Highlights of the RLTP include proposed investment in multi-modal transport activities including public transport, cycling and road safety. File photo. SunLive

The Bay of Plenty Regional Land Transport Plan has been adopted by the Regional Council.

The RLTP sets out a ten-year sustainable transport strategy proposing $2.5 billion of investment in the region over the next six years.

Highlights of the RLTP include proposed investment in multi-modal transport activities including public transport, cycling and road safety.

There is also strong support for providing transport infrastructure and services to assist new development in the major urban areas of Tauranga, Rotorua and Whakatāne.

Regional Transport Committee chairman Lyall Thurston says the RLTP aligns closely with central government priorities and takes a system-wide approach to delivering transport investment.

“This approach entails investment to deliver compact, liveable and safe communities, where a choice of travel is available," says Lyall.

“There are significant pressures on the National Land Transport Programme budgets and the Bay of Plenty region must make a strong case for more effective transport solutions to meet our community aspirations."

Lyall says in many cases, this will involve reducing the need to travel and through better decision-making concerning where new development is located.

“The region has different problems to tackle with the western Bay undertaking recent strategic activity initiatives.

“As a result, councils across the sub-region now have a 30-year vision and outline programme of investment to address the growth challenges," says Lyall.
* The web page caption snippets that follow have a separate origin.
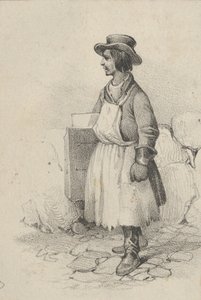 Mies esiliina ja hattu yllään, 1800-luvun puoliväli.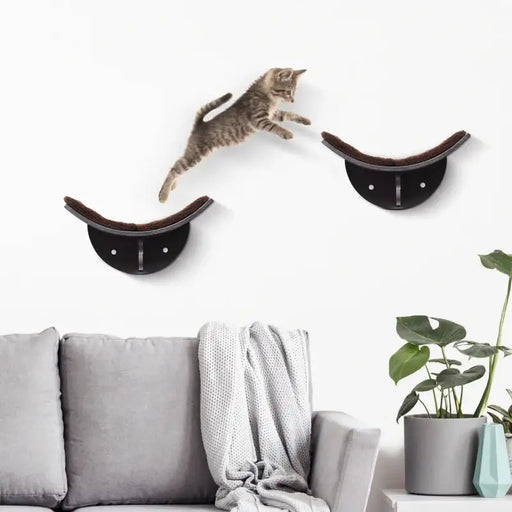 Wall-Mounted Cat Shelf – Brown | Curved Cat Bed with Berber Fleece Top PAWHUT - Little and Giant Explorers PawHut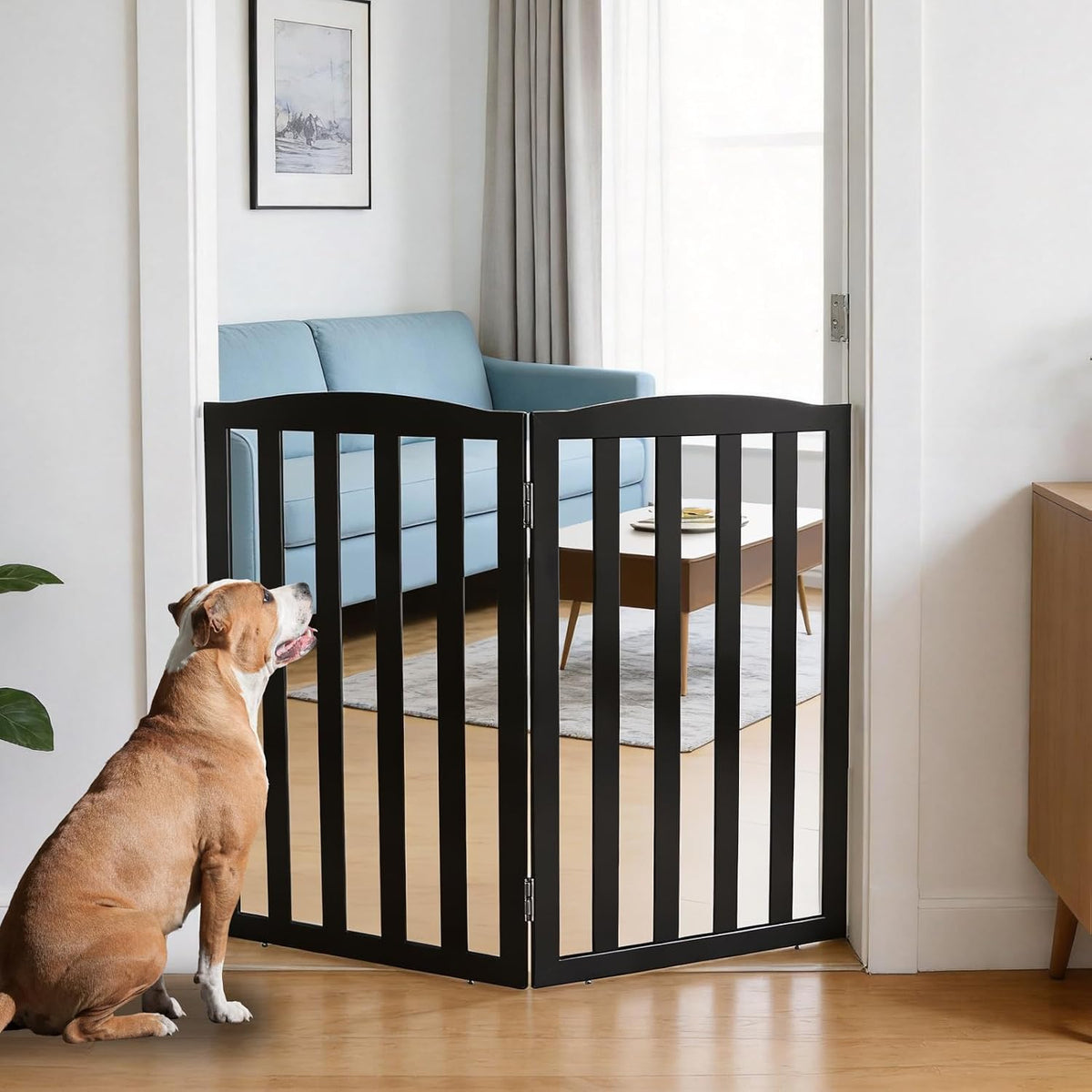 Brown six-panel foldable wooden freestanding dog gate with support feet – view 10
“Collaboration between the Western Bay councils, Waka Kotahi and iwi has been significantly enhanced through this work, and this RLTP sets out several priority activities which we would like to progress in partnership.
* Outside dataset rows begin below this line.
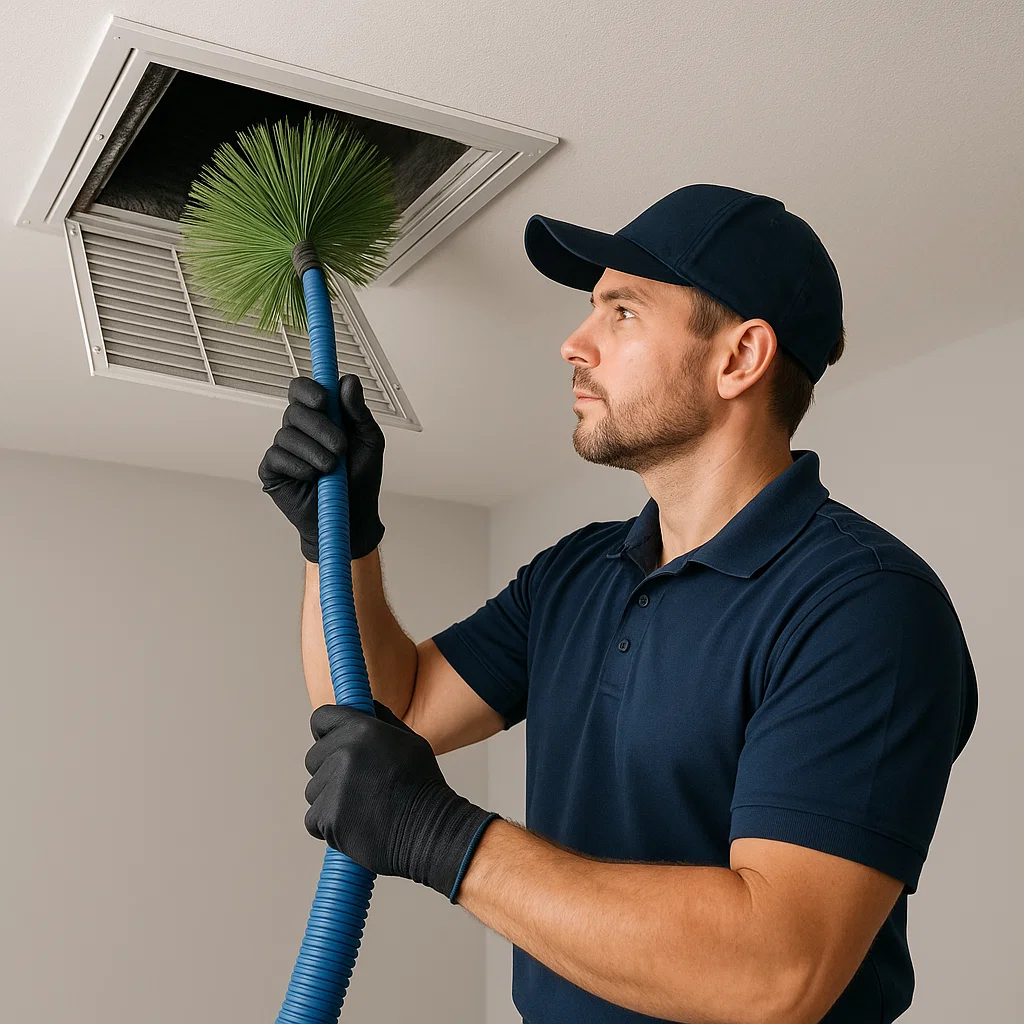 Technicians from Rosenberg TX Air Ducts Cleaning using camera inspection, rotary brushes, and antimicrobial treatment for total duct system cleanliness.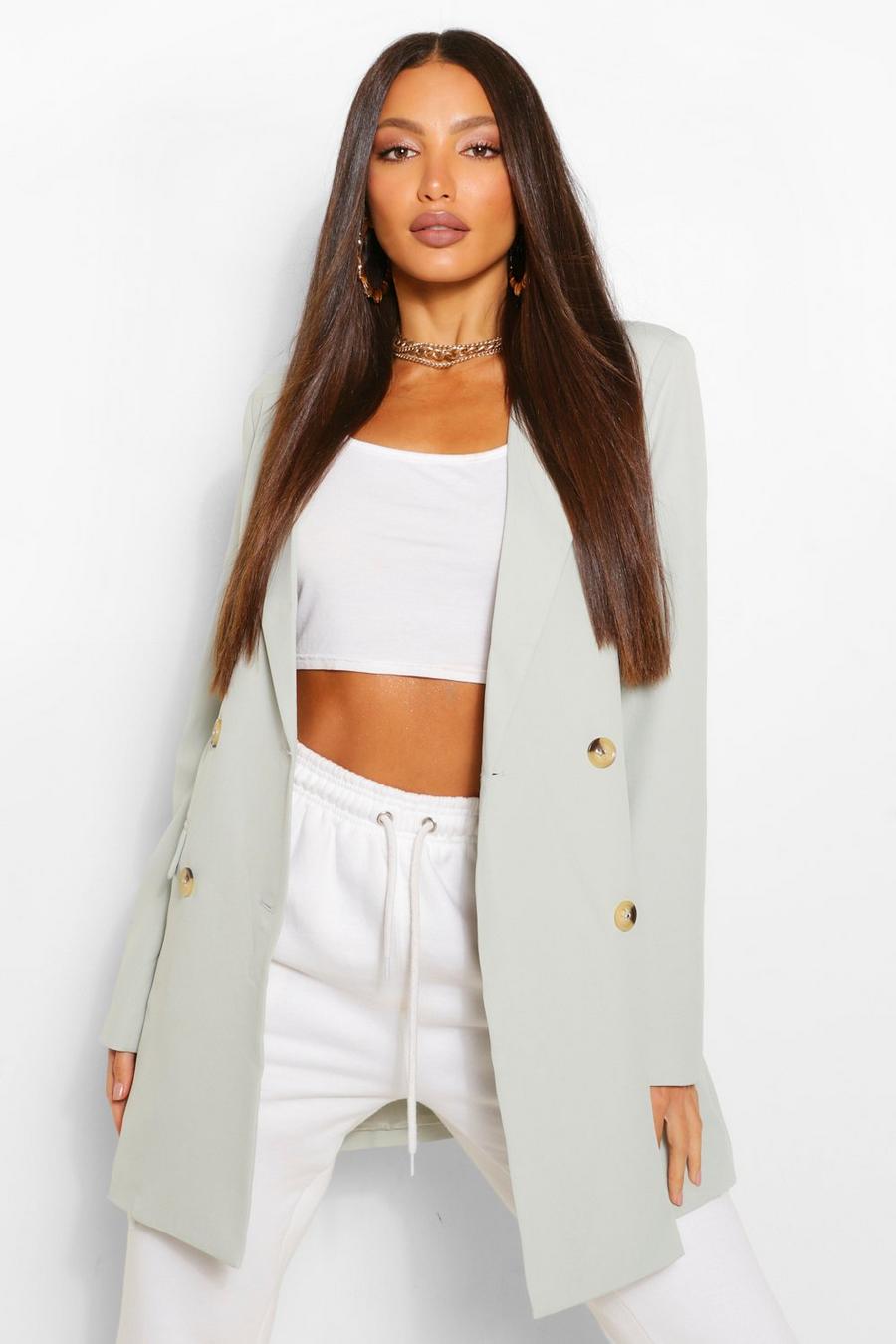 Sage Tall Double Breasted Longline Oversized Blazer image number 1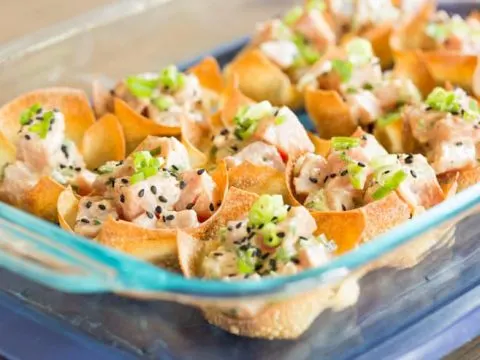 Jalapeno Poke in wonton cups for parties and get togethers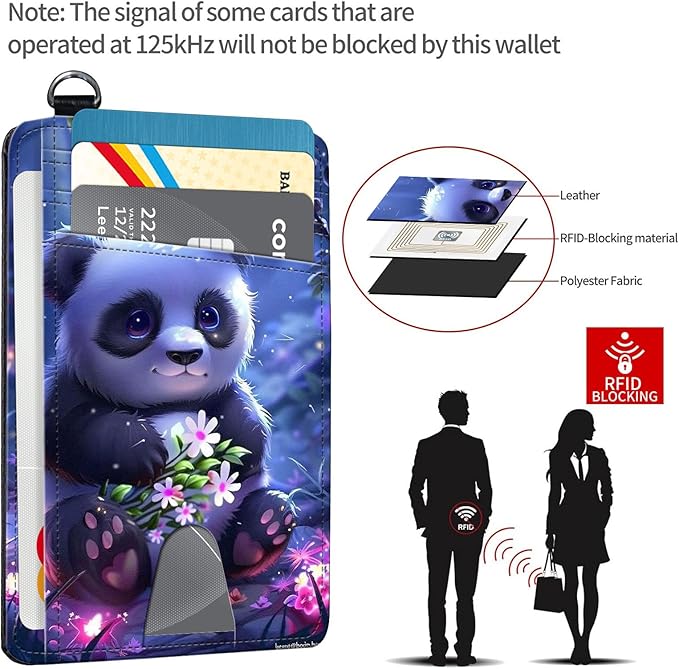 Slim RFID Blocking Card Holder Wallet with Wrist Strap - Minimalist Front Pocket Wallet, Lovely Panda Design, PU Leathe, for Men & Women, Ideal for Travel & Gifts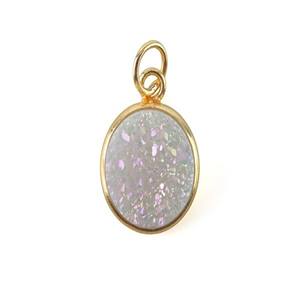 Natural Druzy Quartz Round Bezel Set Pendant Gold Plated Crystal Stone Charm for <b>Necklace</b> Earring Jewelry Making - Product Image 4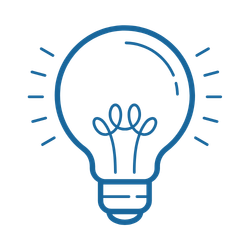 Innovazione Icona di una lampadina blu che simboleggia l'importanza dell'innovazione all'interno dell'Ospedale Veterinario Croce Azzurra
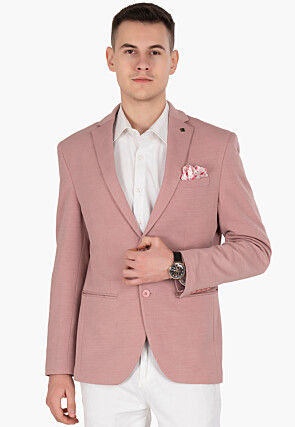 Solid Color Terry Rayon Blazer in Pink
“Similarly in Rotorua and the Eastern Bay, councils are working collaboratively in the transport space both to tackle a range of deep-seated accessibility issues and address the more recent challenges of COVID-19," says Lyall.

One proposal in the Eastern Bay is improving Keepa Road between State Highway 30 and the Kopeopeo East Canal Bridge to cater for surrounding changes in land use.
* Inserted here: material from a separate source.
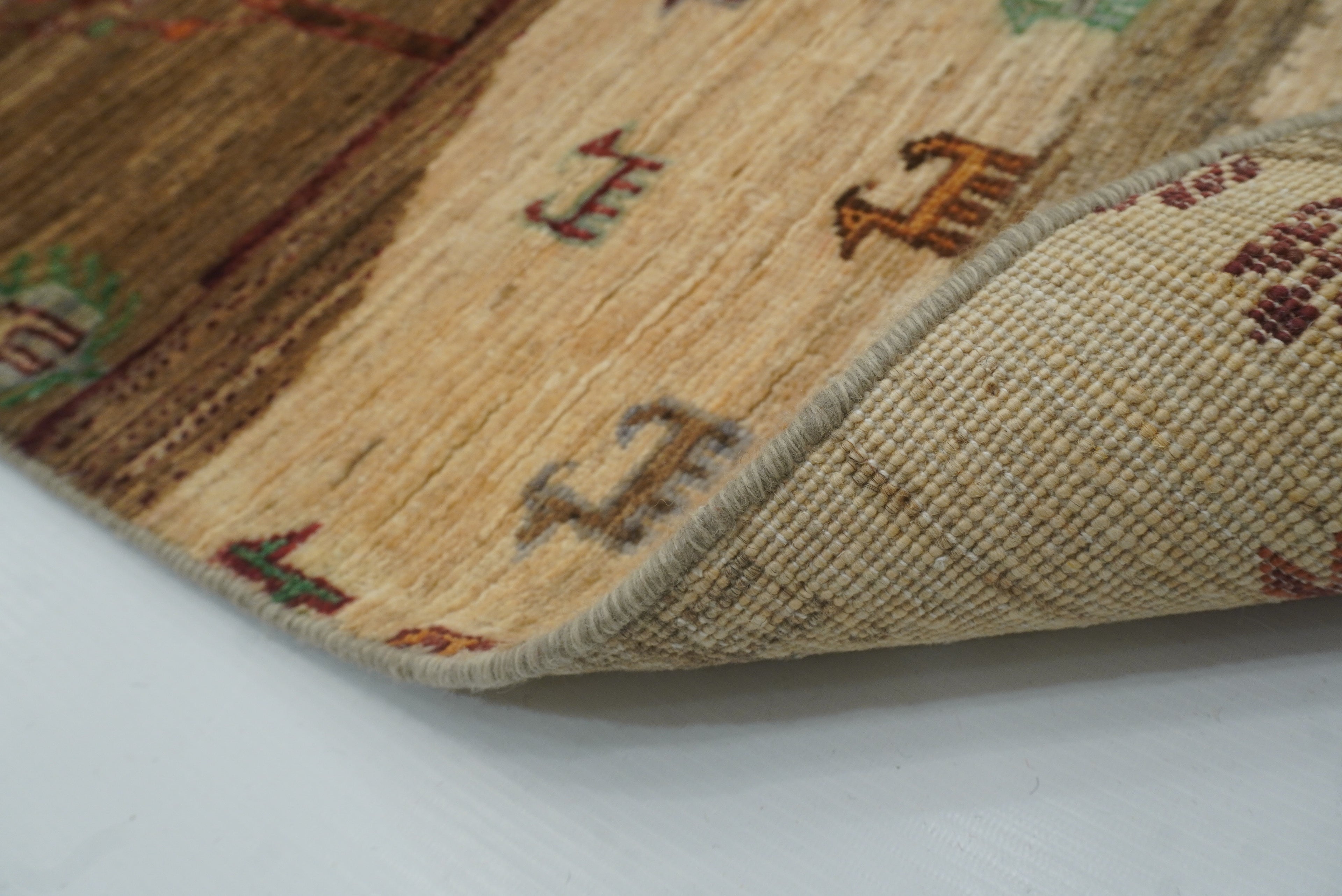 6x8 Landscape Gabbeh Beige Hand-Knotted Afghan Rug - Yildiz Rugs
A safety improvement package for SH5 South Rotorua has also been proposed.

Lyall says transport infrastructure is becoming increasingly vulnerable to the natural impacts of climate change; and that the role of maintenance and asset management is crucial in keeping the Bay of Plenty open for business.

"The Regional Transport Committee is grateful to iwi, council partners, Waka Kotahi and key stakeholders, including the Port of Tauranga and the Police, for their assistance in putting the plan together," says Lyall.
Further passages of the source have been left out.